Ça non plus, on ne vous l’a pas dit ? Oui, parce que Mercer prit très vite le brassard de capitaine après la retraite de George Allison en 1947 et la prise de pouvoir de Tom Whittaker. Une saison 1947/1948 qui fut exceptionnelle pour Arsenal qui finit donc par remporter le titre de champion d’Angleterre en terminant sur une nette victoire 8-0 face à Grimsby Town. Et au cours de cette rencontre, malgré l’insistance du public réclamant que Joe tire un pénaly accordé par l’arbitre pendant le match – We want Joe, we want Joe – Jimmy Logie le tira et le marqua, sans que Mercer ne fasse autre chose que de décocher un grand sourire.

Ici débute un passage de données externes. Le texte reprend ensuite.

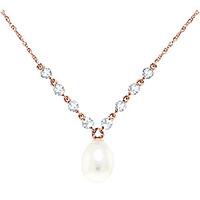 Pearl and Aquamarine by the Yard Pendant Necklace 5.0ctw in 9ct Rose Gold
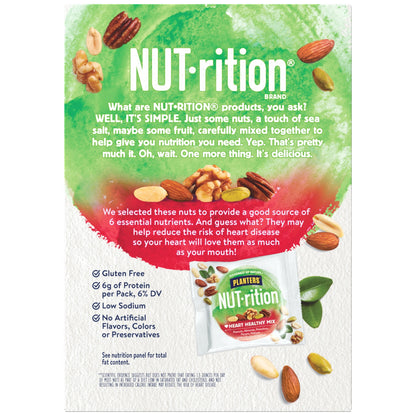 미국직구 플랜터스 NUT-RITION Heart Healthy Nut Mix, Shelf Stable, 1 oz Plastic Package (7 Count)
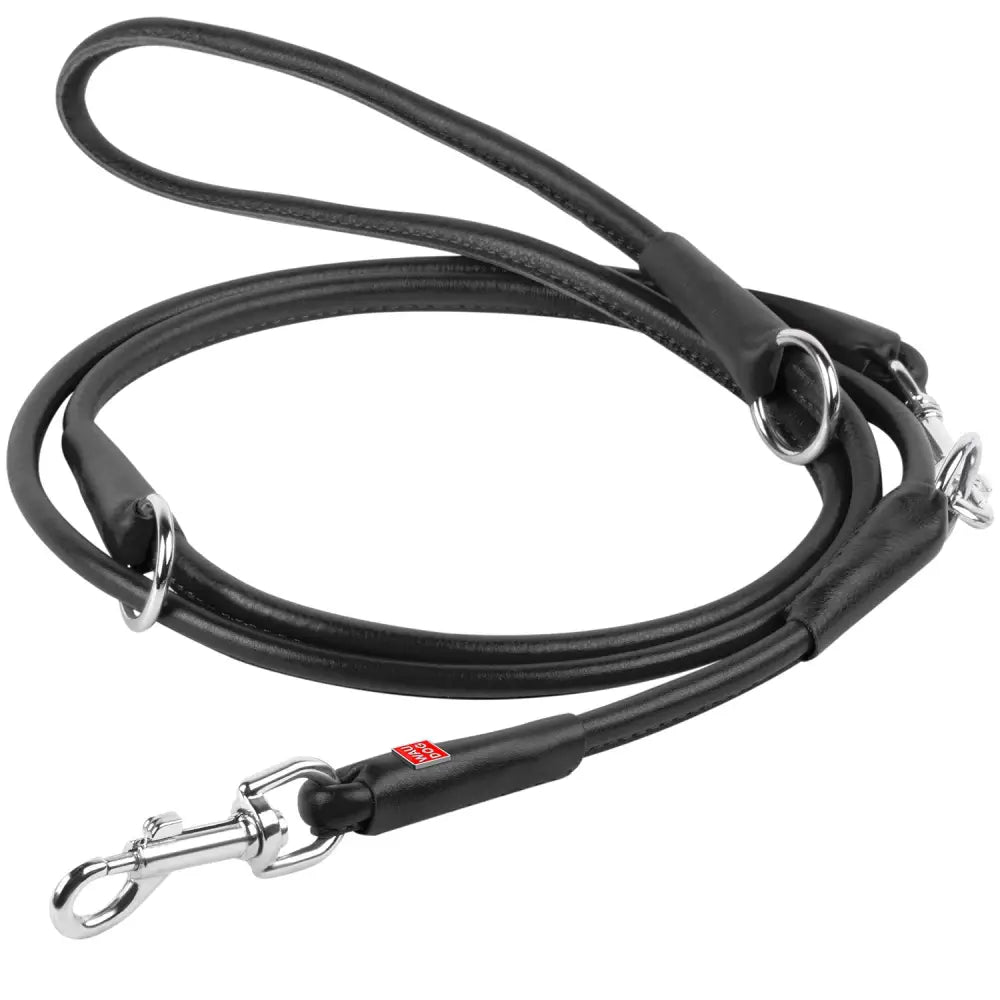 Waudog Black Leather Round Adjustable Clip Leash W10MM-L183CM - Pet Care > Dog Supplies > Dog Collars Leads & Harnesses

La fin de Mercer à Arsenal donne beaucoup moins matière à sourire. Après une victoire en FA Cup face à Liverpool en 1950, et un autre titre de champion d’Angleterre en 1953, l’anglais décida de prendre sa retraite en Mai de cette même année. Malgré cela, il revint sur sa décision et reprit le chemin des terrains avec les Gunners cette même saison. Et la seconde fin est encore pire. En 1954, suite à un choc avec l’un de ses coéquipiers, Joe Wade, lors de la réception de Liverpool à Highbury, Mercer se brise la jambe à plusieurs endroits. Salué par la foule lors de sa sortie, ce match est donc le dernier que Mercer joua pour Arsenal. Ce moment commenté par Reg Lewis: « Il était une inspiration pour nous tous, un exemple de la façon de se comporter sur et en dehors du terrain. Il a toujours joué avec le sourire. Ce n’est pas une surprise qu’Arsenal ait connu une période compliquée après sa retraite. » 

Après le dernier titre de champion remporté par l’équipe de Joe Mercer en 1953, Arsenal dut attendre la saison 1970/1971 afin de remporter un quelconque titre.